Autonomous Vehicles' Future: The Role of Vision Language Models Expressed
Freakin' Apex.AI's Xingjian "XJ" Zhang, the dude behind Growth, drops some knowledge on how Vision-Language Models (VLMs) are revolutionizing the autonomous driving game.
Y'all know how the AV industry's been lagging, particularly with that pesky "long tail problem" – the ocean of rare, unexpected scenarios that vehicles need to juggle? Even the most everyday road trip can throw curveballs – sudden weather shifts, unexpected roadworks or erratic pedestrians.
So, what gives? Current AVs rely heavily on high-def maps, meticulously labeled datasets, and rule-based logic. They're like stage actors who can nail a script but crumble when improv time hits. To expand into a new operational design domain (ODD), you've gotta keep mapping files current, label more data, and re-engineer the system – which is a bloody costly and time-consuming process.
But wait, there's a new sheriff in town: VLMs! These bad boys integrate computer vision and natural language processing, allowing AVs to interpret multimodal data by linking visual inputs with textual descriptions.
Check this out: the DriveVLM project by Li Auto and Tsinghua University? It uses a vision transformer encoder alongside a large language model (LLM). The deal is that the vision encoder turns images into tokens, which an attention-based extractor aligns with the LLM, generating a detailed linguistic description of the environment – even in those tricky long-tail scenarios.
So, here's why VLMs are truly game-changers: they leverage pre-training on large-scale internet data, giving them a solid understanding of the world and improving scene understanding and planning, helping AVs navigate complex environments.
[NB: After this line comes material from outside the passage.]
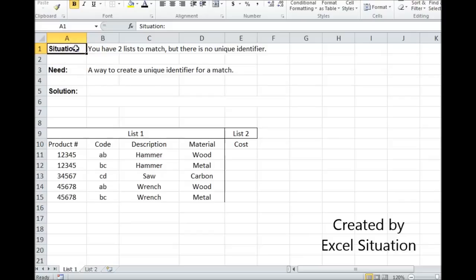Here's the situation. You have two lists to match together, but neither has a unique identifier in a single column. What you need is a way to create a unique identifier so a VLOOKUP would work.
Now, AV architectures are evolving from modular systems to end-to-end (E2E). That means perception, prediction, and planning are unified, and raw sensor inputs are directly processed into driving actions. Combining VLMs with end-to-end (E2E) systems could be a colossal breakthrough. Waymo's End-to-End Multimodal Model for Autonomous Driving (EMMA) is a prime example of VLM in action. This E2E system integrates perception and planning into a single framework, achieving state-of-the-art performance in benchmark datasets like nuScenes and the Waymo Open Motion Dataset (WOMD).
Unlike modular architectures, EMMA directly processes raw camera images and high-level driving commands to generate driving outputs – like trajectory planning, object detection, and road graph estimation. This unified approach reduces error accumulation across independent modules, leveraging the extensive world knowledge embedded in pre-trained LLMs.
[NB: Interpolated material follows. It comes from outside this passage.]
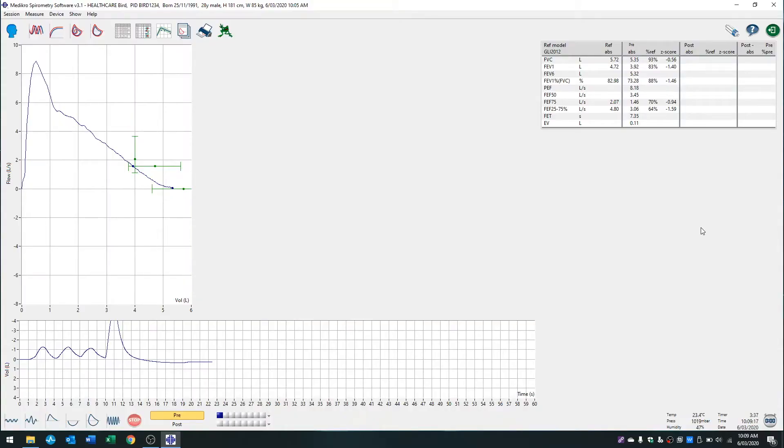Hi, this is a Bird Healthcare video. In this video we're going to explain how to perform a spirometry test within the Metacross spirometry software.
EMMA also employs self-supervised learning, similar to next-token prediction in LLMs, to anticipate traffic patterns. It iterates through multiple future motion scenarios, identifying nuanced driving behaviors that traditional models might overlook. Plus, EMMA improves decision-making through chain-of-thought (CoT) reasoning, allowing the model to explain its driving choices, leveling-up safety and interpretability.
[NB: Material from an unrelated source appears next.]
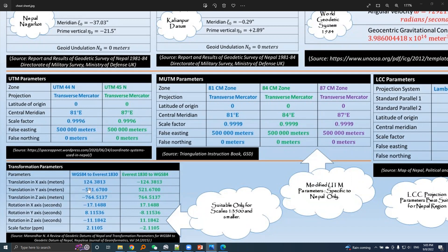There are various types of transformation models. The one we are discussing is the seven-parameter transformation model. Those seven parameters are three translation parameters, three rotation parameters, and one scale factor. This column contains transformation parameter values for moving from global data to local data, and this column contains transformation from local data to global data.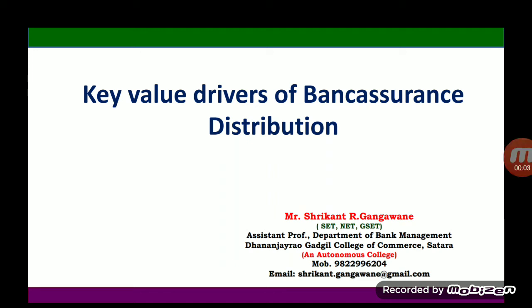Hello students. In the last lecture we discussed about the distribution channels of bank assurance. In today's lecture we are going to study the key value drivers of bank assurance distributions. In the last lecture we also discussed the bank assurance distribution models.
Now, VLMs are sweet but not without their challenges. For one, they need to process continuous, high-dimensional video streams in real time – not easy. Advanced 3D scene understanding is still a scarcity. Take Waymo's EMMA: it's limited to camera-only inputs, without fusion with 3D sensing modalities like LiDAR.
Another key issue is inference latency. Every millisecond counts in AVs, and current VLMs, like DriveVLM, running on an NVIDIA Orin X with a four-billion-parameter Qwen model, have prefill latency of 0.57 seconds and a decode latency of 1.33 seconds. That's 1.9 seconds to process a single scene, which translates to the vehicle traveling approximately 139 feet (42 meters) before it could react in critical situations.
Overall, VLMs have enormous potential for AVs, but they've gotta solve these hurdles. Advancements in model distillation and edge computing will make VLMs more efficient, enabling real-time decision-making. So, grab some popcorn and stay tuned – the future of autonomous driving is about to get really interesting!
By the way, do y'all think ol' XJ has what it takes to join the Forbes Technology Council? Those are the kool kids, ain't they?
- Xingjian "XJ" Zhang's contribution to the field of autonomous driving, through Vision-Language Models (VLMs), is exhibiting the potential to revolutionize the industry's approach to handling the long-tail problem by processing multimodal data to generate detailed environmental descriptions in real-millisecond time.
- The future of autonomous driving architectures is evolving from modular systems to end-to-end designs, combining VLMs with this approach could lead to a significant breakthrough, reducing error accumulation across independent modules and leveraging the extensive world knowledge embedded in pre-trained language models.
- One hurdle that Vision-Language Models must overcome is the challenge of processing continuous, high-dimensional video streams in real time, as well as achieving lower inference latency to ensure timely decision-making in critical situations.